An interesting aspect of this poem is the negative connotation the narrator places on human mortality and Margaret's sadness. Though the speaker mentions "ghost" (l. 13), an allusion to the Holy Ghost, nowhere in the poem does the speaker speak of the comforting nature of the spirit, or the hope that spiritual redemption holds. Admittedly, the poem does not outright connect to a Christian tradition, but referring to the soul as a ghost seems to provide a logical link. This lack of hope and peace when contemplating mortality, "the blight man was born for" (l. 14), reflects the despair that is by-product of a life lead without some spiritual connection to a bigger picture than what this world holds.  That spiritual picture does not have to adhere to any one particular religion, but being able to accept and live with the reality that people die is vital.  Today's world seems obsessed with ignoring this fact. People spend vast sums to increase their life spans or find miracle cures.  This has lead to an explosion in what a century ago would have been called snake oil cures.  Magnets, exotic plants, and liquid forms of metals are just a few of the non-prescription remedies marketed to people who cannot accept that death comes to all.  Perhaps if people prepared themselves to accept that life will end, they would find a greater peace in living, and not spend so much time and money trying to outrun death.

 

Work Cited

 

Hopkins, Gerard Manley. "Spring and Fall." Bartleby.com: Great Books Online.
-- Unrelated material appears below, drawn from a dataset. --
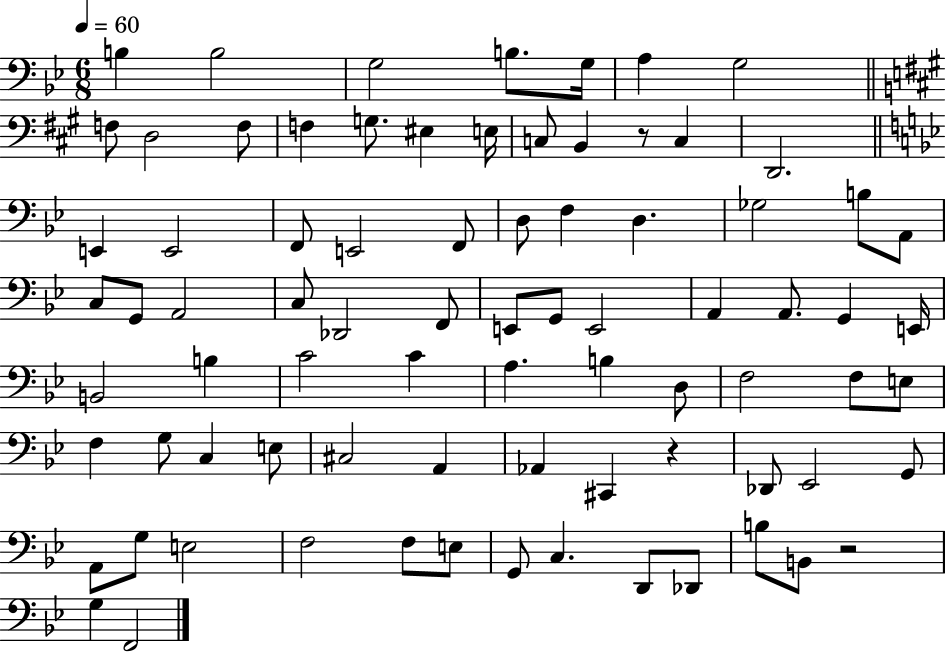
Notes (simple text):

B3/q B3/h G3/h B3/e. G3/s A3/q G3/h F3/e D3/h F3/e F3/q G3/e. EIS3/q E3/s C3/e B2/q R/e C3/q D2/h. E2/q E2/h F2/e E2/h F2/e D3/e F3/q D3/q. Gb3/h B3/e A2/e C3/e G2/e A2/h C3/e Db2/h F2/e E2/e G2/e E2/h A2/q A2/e. G2/q E2/s B2/h B3/q C4/h C4/q A3/q. B3/q D3/e F3/h F3/e E3/e F3/q G3/e C3/q E3/e C#3/h A2/q Ab2/q C#2/q R/q Db2/e Eb2/h G2/e A2/e G3/e E3/h F3/h F3/e E3/e G2/e C3/q. D2/e Db2/e B3/e B2/e R/h G3/q F2/h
          Bartleby.com, 2011. Web. 12 June 2011.

 

NOTES:

 

1.  This opening constitutes the "signal-in" giving the reader the author and title information.  In MLA style, always use the author's complete name, as listed in the text, when first referring to that author. Afterwards, use only the author's last name (unless you are using works by more than one author with the same last name).

 

2.  In fiction, the speaker in a work is usually not the author. Instead is is either a character, like Margaret, or a narrator who is unnamed.  Since Margaret does not speak in this poem, the only one talking is the narrator. Do not refer to this person as Hopkins or the author.

 

3.  This is the "signal-out" giving the reader the cue that you are finished referring to the source.  Here, because the summary covers the entire poem, the citation at the end should only list the author's name and page number (for print sources). Because this is an online source, there are no page numbers to use, so we only put the last name of the author.

 

4.  The use of a specific word or phrase from the poem requires quotation marks followed immediately by a parenthetical notation.  If the quoted word or phrase is at the beginning or middle of a sentence, and the material following it is not summary from the poem but your ideas, you must place the signal-out immediately after the reference to the poem, not at the end of the sentence.  If you placed it at the end of the sentence, you would be communicating to the reader that all ideas in the sentence are Hopkins'.

 

5.  Poetry does not use page numbers to refer to information in the text. Instead, it uses line numbers. For one line, use a single lower case "L" followed by a period, then a space, and then the line number. Like this: (l. 2).  For quotes and summaries longer than one line, use double lower case "L's" followed by line numbers: (ll. 2-4).

 

6.  This marks the end of defining the abstract issue in the poem and building how the author presents  that issue, and the beginning of the connection to a current social issue.  You must do both.

 

7.  To complete the documentation process, you must include a work cited page. Note that it is WORK cited if you only have one source. It is WORKS cited if you have two or more. Formatting clarification: The title WORK CITED is underlined here because it is a hyperlink. In your papers, you do not highlight. You simply type it in title case: Work Cited.